When using geometric transforms like rotate, flip, and crop in computer vision, the key metric to watch is model accuracy or performance on validation data. This is because these transforms change the input images to help the model learn better. We want to see if these changes improve the model's ability to recognize objects correctly.

Also, robustness is important. This means the model should still perform well even if images are rotated or flipped in real life. So, metrics like accuracy, precision, recall, or F1 score on transformed images tell us if the model learned well from these geometric changes.

Confusion Matrix Example

Suppose we have a model classifying images after applying flips and rotations. Here is a confusion matrix showing results on a test set:

      | Predicted Cat | Predicted Dog |
      |---------------|---------------|
      | True Cat: 45  | 5             |
      | True Dog: 7   | 43            |
    

From this matrix:

  • True Positives (TP) for Cat = 45
  • False Positives (FP) for Cat = 5
  • False Negatives (FN) for Cat = 7
  • True Negatives (TN) for Cat = 43

We can calculate precision and recall to check if the model learned well with geometric transforms.

Precision vs Recall Tradeoff with Geometric Transforms

Imagine a model trained with rotated and flipped images to detect cats. If the model is very strict, it might only label very clear cat images as cats, leading to:

  • High precision: Most predicted cats are really cats.
  • Low recall: It misses some cats that look different due to rotation or flip.

On the other hand, if the model tries to catch every possible cat, it might label some dogs as cats, leading to:

  • High recall: Most cats are found.
  • Low precision: More wrong cat labels.

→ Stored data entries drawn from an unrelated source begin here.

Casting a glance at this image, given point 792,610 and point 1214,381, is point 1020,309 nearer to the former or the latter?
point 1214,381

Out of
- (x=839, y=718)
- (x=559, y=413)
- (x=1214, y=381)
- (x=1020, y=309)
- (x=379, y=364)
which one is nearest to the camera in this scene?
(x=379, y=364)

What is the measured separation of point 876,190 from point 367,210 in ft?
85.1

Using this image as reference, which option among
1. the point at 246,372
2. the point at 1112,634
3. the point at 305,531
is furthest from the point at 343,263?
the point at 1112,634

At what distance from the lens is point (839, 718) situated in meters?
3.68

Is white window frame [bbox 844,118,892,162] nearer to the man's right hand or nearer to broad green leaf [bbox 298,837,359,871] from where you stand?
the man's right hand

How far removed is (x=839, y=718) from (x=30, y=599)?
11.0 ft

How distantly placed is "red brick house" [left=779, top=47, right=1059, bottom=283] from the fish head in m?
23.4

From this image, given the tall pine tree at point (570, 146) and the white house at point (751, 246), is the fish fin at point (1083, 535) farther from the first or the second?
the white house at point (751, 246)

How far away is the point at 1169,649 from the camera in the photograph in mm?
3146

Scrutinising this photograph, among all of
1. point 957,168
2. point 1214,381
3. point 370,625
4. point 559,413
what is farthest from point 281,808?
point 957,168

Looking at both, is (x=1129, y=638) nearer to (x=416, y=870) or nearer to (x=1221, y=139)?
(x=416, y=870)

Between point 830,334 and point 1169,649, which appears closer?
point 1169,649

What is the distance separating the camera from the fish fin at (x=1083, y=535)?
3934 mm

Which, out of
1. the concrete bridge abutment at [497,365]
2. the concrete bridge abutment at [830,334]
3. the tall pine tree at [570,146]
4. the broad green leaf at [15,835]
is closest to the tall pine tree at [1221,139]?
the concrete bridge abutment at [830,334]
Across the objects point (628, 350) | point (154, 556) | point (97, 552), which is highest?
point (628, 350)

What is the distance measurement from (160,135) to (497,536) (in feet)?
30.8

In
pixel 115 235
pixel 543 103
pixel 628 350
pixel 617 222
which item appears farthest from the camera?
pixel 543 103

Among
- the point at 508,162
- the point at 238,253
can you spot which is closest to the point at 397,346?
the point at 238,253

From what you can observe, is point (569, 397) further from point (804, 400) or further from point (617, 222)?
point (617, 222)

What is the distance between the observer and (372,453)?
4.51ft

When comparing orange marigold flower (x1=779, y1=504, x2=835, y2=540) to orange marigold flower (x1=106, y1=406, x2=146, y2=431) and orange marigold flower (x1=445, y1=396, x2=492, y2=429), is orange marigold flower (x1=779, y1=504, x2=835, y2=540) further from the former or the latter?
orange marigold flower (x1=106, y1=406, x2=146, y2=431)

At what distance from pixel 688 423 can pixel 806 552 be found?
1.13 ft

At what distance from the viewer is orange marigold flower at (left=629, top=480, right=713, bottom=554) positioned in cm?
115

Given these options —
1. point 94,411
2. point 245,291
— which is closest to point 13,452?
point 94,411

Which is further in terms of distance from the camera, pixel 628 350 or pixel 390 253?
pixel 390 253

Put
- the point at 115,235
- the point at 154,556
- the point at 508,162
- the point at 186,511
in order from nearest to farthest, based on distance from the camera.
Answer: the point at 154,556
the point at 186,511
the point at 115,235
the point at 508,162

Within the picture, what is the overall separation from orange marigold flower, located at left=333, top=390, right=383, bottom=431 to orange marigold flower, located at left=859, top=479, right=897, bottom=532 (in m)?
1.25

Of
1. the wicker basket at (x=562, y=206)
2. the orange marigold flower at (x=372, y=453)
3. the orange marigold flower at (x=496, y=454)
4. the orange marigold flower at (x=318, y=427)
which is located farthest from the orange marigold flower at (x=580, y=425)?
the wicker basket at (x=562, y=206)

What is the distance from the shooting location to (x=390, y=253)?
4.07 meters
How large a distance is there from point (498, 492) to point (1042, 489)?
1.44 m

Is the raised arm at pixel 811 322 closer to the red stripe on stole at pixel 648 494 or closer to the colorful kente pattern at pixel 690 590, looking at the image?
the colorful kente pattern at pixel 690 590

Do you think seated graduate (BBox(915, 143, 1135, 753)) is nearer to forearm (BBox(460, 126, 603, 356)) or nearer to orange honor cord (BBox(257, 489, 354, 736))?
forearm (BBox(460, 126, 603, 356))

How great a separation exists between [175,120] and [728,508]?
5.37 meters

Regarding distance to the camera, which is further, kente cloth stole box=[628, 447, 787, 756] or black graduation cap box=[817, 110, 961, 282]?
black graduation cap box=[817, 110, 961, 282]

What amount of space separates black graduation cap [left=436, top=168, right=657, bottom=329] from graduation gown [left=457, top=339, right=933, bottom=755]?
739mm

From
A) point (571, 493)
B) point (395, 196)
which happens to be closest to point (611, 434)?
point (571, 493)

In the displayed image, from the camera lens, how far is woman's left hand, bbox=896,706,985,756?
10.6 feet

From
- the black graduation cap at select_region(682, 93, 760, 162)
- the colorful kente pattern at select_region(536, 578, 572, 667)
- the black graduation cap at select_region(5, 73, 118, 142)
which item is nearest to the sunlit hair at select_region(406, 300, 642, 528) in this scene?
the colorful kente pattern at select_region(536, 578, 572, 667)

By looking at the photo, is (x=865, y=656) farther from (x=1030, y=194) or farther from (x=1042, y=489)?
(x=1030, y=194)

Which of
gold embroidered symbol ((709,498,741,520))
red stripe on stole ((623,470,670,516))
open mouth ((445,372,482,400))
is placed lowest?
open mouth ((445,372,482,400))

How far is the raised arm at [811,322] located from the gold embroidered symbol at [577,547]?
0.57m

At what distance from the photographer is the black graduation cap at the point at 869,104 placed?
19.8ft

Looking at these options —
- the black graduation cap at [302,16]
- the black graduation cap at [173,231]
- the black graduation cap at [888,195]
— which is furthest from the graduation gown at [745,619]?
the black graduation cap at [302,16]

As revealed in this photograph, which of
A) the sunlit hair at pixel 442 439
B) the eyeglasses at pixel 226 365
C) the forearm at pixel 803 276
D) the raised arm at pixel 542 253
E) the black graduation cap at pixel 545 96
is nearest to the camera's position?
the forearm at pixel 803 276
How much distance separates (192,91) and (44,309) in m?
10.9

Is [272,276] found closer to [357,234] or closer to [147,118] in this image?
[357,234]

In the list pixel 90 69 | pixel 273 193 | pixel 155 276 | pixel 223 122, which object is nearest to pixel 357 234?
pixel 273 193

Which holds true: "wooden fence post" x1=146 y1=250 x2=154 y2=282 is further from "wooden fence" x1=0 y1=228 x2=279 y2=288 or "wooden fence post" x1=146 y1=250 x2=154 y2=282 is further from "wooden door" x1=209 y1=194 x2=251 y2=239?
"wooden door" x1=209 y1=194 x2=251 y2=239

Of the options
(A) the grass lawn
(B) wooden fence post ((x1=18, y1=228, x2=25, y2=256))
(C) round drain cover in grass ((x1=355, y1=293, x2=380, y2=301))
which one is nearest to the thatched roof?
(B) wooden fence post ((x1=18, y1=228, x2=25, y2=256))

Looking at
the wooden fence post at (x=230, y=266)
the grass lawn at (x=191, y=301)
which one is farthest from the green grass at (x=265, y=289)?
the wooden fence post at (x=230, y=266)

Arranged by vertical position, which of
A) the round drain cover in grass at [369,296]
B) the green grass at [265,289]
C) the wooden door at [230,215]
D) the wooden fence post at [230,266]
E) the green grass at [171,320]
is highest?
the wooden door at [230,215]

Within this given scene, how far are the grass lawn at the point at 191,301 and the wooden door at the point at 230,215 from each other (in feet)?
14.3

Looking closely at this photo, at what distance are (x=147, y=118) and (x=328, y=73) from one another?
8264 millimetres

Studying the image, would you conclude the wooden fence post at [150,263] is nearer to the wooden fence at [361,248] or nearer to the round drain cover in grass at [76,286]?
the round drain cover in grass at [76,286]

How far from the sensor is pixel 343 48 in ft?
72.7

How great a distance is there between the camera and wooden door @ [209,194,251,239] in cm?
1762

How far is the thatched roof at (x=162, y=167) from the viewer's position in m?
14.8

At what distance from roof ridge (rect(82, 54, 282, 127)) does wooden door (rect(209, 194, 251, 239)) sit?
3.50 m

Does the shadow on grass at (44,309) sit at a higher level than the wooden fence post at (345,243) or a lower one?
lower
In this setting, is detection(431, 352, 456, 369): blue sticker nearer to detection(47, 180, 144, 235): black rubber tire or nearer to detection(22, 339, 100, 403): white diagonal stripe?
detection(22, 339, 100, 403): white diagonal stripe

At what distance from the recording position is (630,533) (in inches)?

Geometric transforms help balance this by teaching the model to recognize cats in many positions, improving both precision and recall.

What Good vs Bad Metric Values Look Like

Good values:

  • Accuracy above 85% on transformed images.
  • Precision and recall both above 80%, showing balanced detection.
  • F1 score close to precision and recall, indicating no big tradeoff.

Bad values:

  • Accuracy below 70%, meaning transforms confused the model.
  • Precision very high but recall very low, or vice versa, showing imbalance.
  • F1 score much lower than precision or recall, indicating poor overall performance.
Common Pitfalls with Metrics and Geometric Transforms
  • Ignoring data leakage: Using the same transformed images in training and testing can falsely boost accuracy.
  • Overfitting: Model learns to recognize only specific rotations or flips seen in training, not generalizing well.
  • Accuracy paradox: High accuracy might hide poor recall if classes are imbalanced.
  • Not validating on original images: Model might perform well on transformed images but poorly on real-world data.
Self Check

Your model trained with rotated and flipped images has 98% accuracy but only 12% recall on the cat class. Is it good for production?

Answer: No, it is not good. The very low recall means the model misses most cats, which is a big problem if you want to detect cats reliably. High accuracy can be misleading if most images are not cats. You should improve recall by adjusting training or using more diverse transforms.

Key Result
For geometric transforms, balanced precision and recall on transformed images show the model learned robust features.